# My Story



## Figureskater1989 (Apr 29, 2015)

Hello, I am new here and was just diagnosed with IBS yesterday. It's taken about six years to get this diagnosis which has been frustrating.

Here is a list of the symptoms I've dealt with:


Diarrhea and constipation but it's not severe. I suppose my stools (sorry TMI) are just loose when it is Diarrhea and constipation doesn't happen very often.
Headaches which happen frequently
Shakes, my hands shake very often
cold chills at night and some fevers
Skin lesions
Fatigue 
Sometimes short term memory loss
Nausea and actually vomiting but this is a rare occurrence
Back pain
Weight gain
Abdominal pain which is what I find to be the biggest problem
Abnormal heart rate, normally 80-130 beats per minute
High blood pressure lately
I drop things a lot, my hand muscles sort of just lose their grip
Muscle weakness, it's hard to carry things for a long time
I notice random bruises on my body, though I could just be bumping into things
Sensitive skin that I never had before
I get colds, flu's, and the like very easily if I'm around other sick people
daily tasks are hard to handle because I run out of energy/steam

Okay, now that I have that little list down which I am probably forgetting somethings I deal with, I can continue on. I'm a 26 year old female. I used to figure skate 5 hours a day or more, so I was very active. I graduated from high school in 2007 and went right to college but did not finish my degree because I realized that's not what I wanted to do in life. I started working at a real estate company and enjoyed that so I got my real estate license. My problems of health started to surface in college and at my part time job but it was never anything serious. Just an overall feeling of unwell, when I started real estate it was getting worse but not unmanageable. I've tried various diets, paleo, no dairy, no gluten, adding more veggies, adding more fruits, I've done no grains, really everything to see if it changed the symptoms. None of them did. Food doesn't seem to cause a reaction for me, most of my struggle is the abdominal pain which is constant. I don't suffer with diarrhea like what I've read, my stools are just loose all the time but I don't feel relief when I go, when I eat something I don't need to go right away and I'm never concerned about finding a bathroom. It's embarrassing to have loose stools a lot but that's my only real issue with that.

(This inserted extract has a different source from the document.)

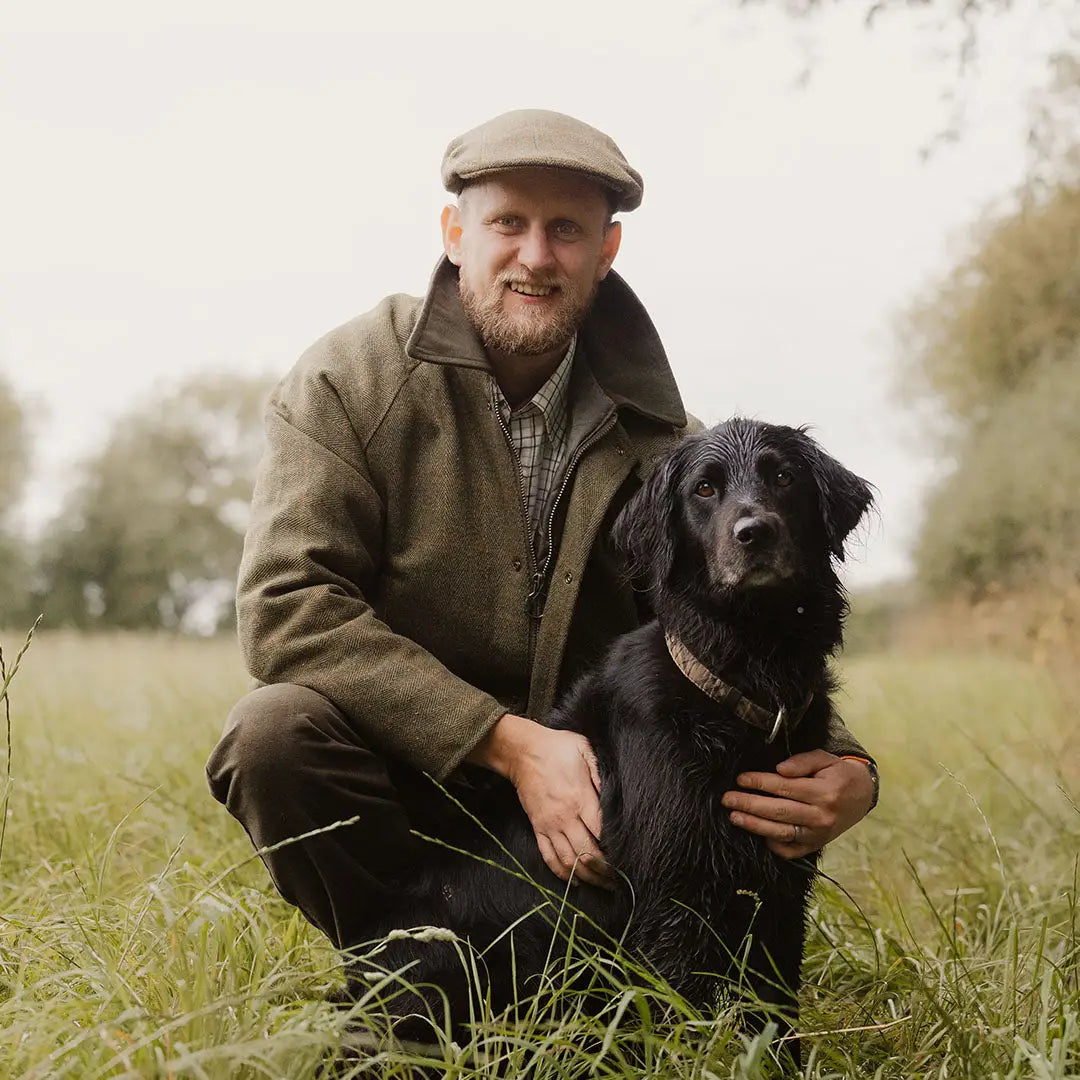 Man in a Tweed Shooting Jacket kneeling next to his black dog in a grassy field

I've been actively going to the doctor to see why I'm feeling the way I do and the first thing they did in 2011 was remove my gallbladder, thinking that was the cause. It helped for a few months and then the symptoms came back. They've gotten so much worse in these last 3 years that I had to stop working, each day is a challenge for me to even feel like a normal person. They've done a colonoscopy, an endoscopy, I've had numerous amounts of blood tests and other various testing done. I've worn heart monitors but my skin is so sensitive that the patches cause me blisters. I wasn't able to keep the one on for the full month, I made it about a week and a half. I did have heart surgery when I was 6 years old, which is why they have put a little focus onto my heart.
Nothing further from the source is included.